Implement a user-level thread manager.
Add a set of common synchronization primitives to your thread package.
Build a thread pool in C
Turn a single-threaded server into a multithreaded server

Assignment Goals

To gain understanding of how thread packages are implemented, including data structures used, the interface provided, and common problems they face.
To understand some of the problems with user-level threads.
To make use of common synchronization primitives such as locks and condition variables.
To gain experience in writing and debugging multithreaded code. In particular, you will be exposed to code that can deadlock or have race conditions.
To understand the concept of overlapping I/O and computation.
To practice discussion and analysis of your designs.

Background

As I'm sure you know, the Internet has exploded in popularity over the past decade. Driving much of this explosion is the proliferation of networked servers, which are programs that run "in the guts" of the Internet. Client programs (such as web browsers) communicate with these servers over the network, sending requests and reading back the servers' responses. For example, a web browser will send a web server a request for a particular web page; the server will process this request, and then respond by sending back the page's HTML, which the web browser reads, parses, and displays.

One of the challenges in building Internet services is dealing with concurrency. In particular, many independent clients can simultaneously send requests to a given server. A server therefore must be designed to deal with concurrent requests. There are many different strategies for doing this; we will explore two in this project.

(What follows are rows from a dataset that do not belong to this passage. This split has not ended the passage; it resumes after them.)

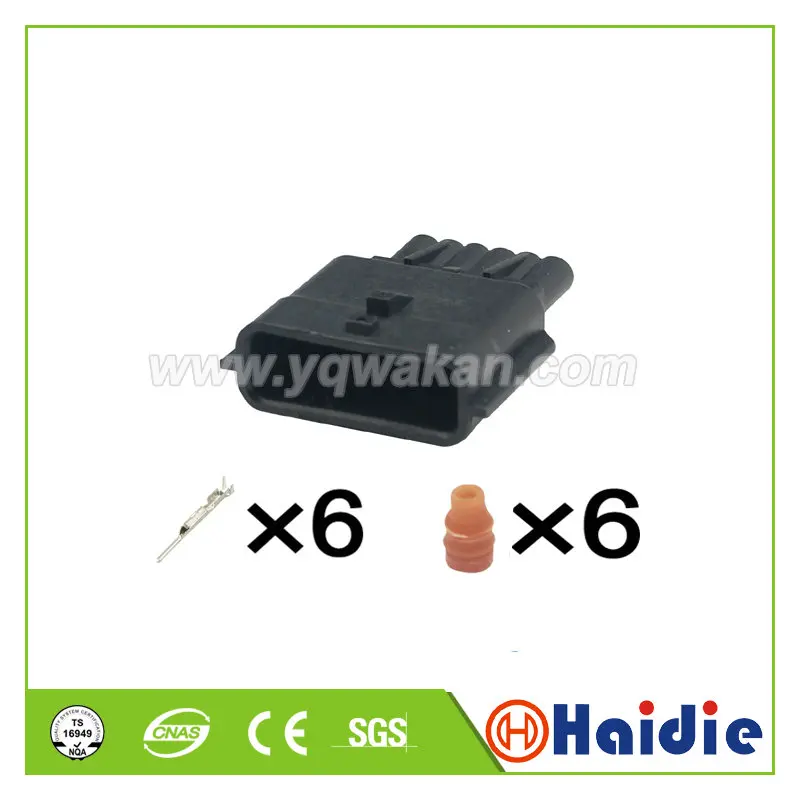 Бесплатная доставка 2 комплекта 6pin авто электрический водонепроницаемый разъем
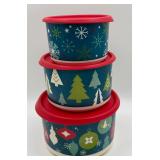 Tupperware Christmas One Touch Containers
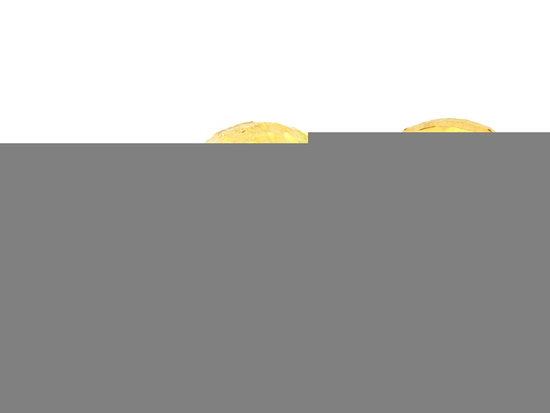 Złote kolczyki diamentowane kulki na sztyft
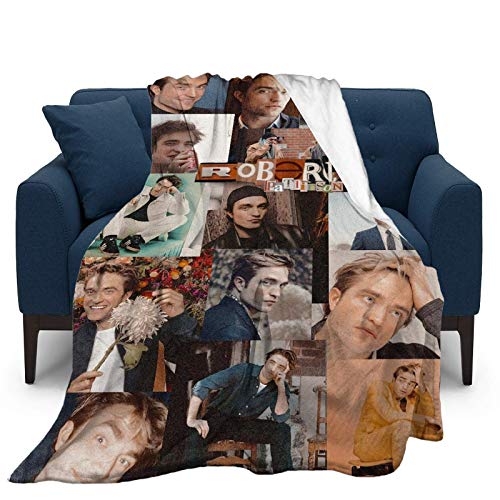Robert Pattinson Edward Cullen Couverture ultra douce en micro polaire pour canapé lit canapé lit douillet imprimé 3D pour enfants adultes 127 x 102 cm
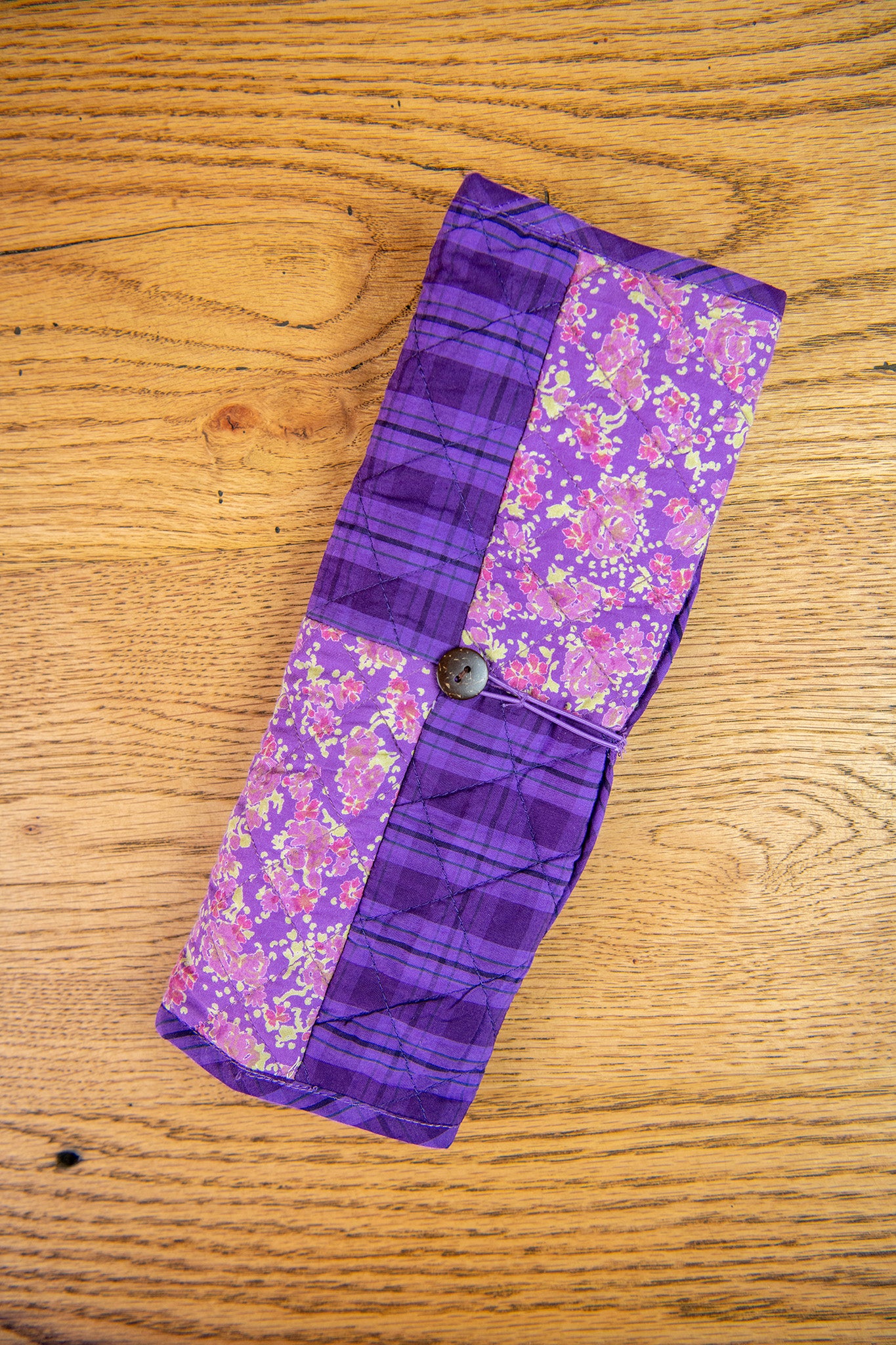 Modern Prairie x PanCAN Limited-Edition Lavender Bloom Rollup Sewing Kit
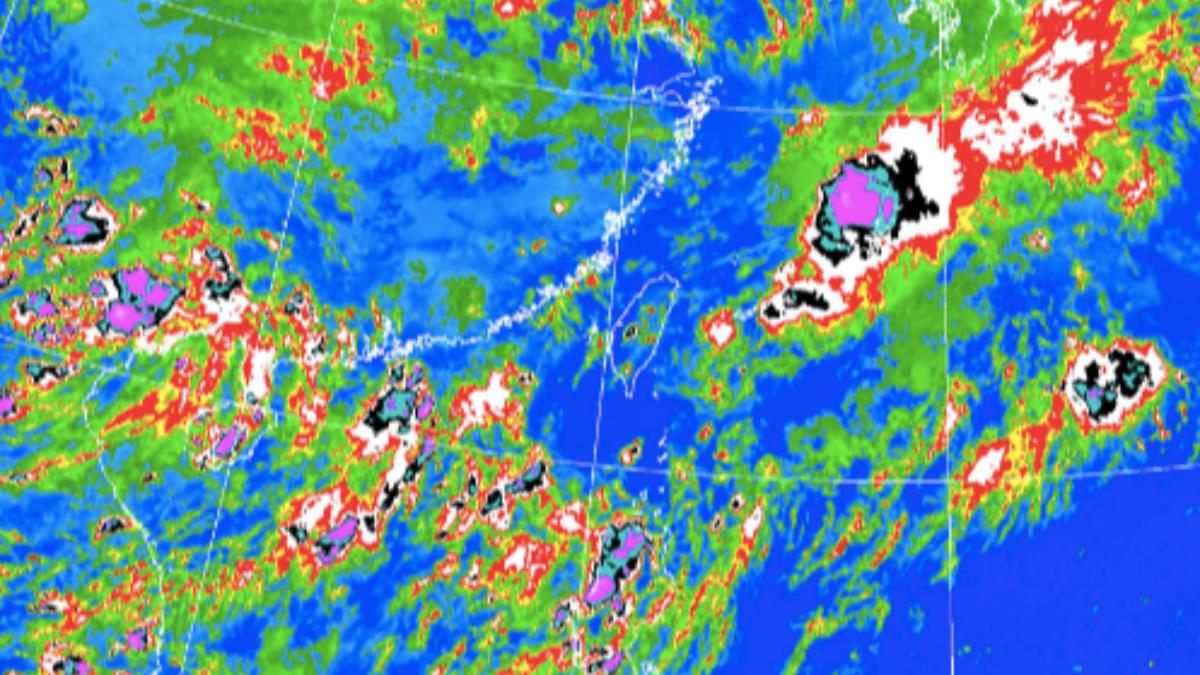 衛星雲圖。(圖/氣象署)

A very simple design strategy is to build the server as a single-threaded program. The server's single thread waits until a new request arrives, reads the request, processes the request, and then writes a response back to the originating client. In the meantime, if another request arrives while the server is processing the first, that other request is ignored until the first has been dealt with fully. An example interaction between a server and two clients is illustrated in the following figure.

A more sophisticated strategy would be to build the server as a multithreaded program. When a request arrives at the server, a thread is dispatched to handle it. If multiple tasks arrive concurrently, then multiple server threads will execute concurrently. Each dispatched thread does exactly what the single-threaded server did previously; it reads the request, processes it, then writes a response:

For the purposes of this example, we assume that the server allows a maximum of 2 threads at a time. As the picture above shows, even though request #2 arrives while request #1 is being processed by the first server thread, the second server thread is available to deal with request #2 concurrently. As a result, while the first server thread is processing request #1 (hence using the CPU), the second server thread can read request #2 over the network. Thus, network I/O and computation are overlapped. This has many beneficial effects: the CPU is more effectively utilized, the throughput of the server is increased, and the response time of the server (as seen by the clients) is decreased.

Programmers realized that they could implement multithreading support entirely at the user level, without modifying the kernel at all. The first part of this assignment will require you to implement the thread manager and locking primitives for a user-level thread package.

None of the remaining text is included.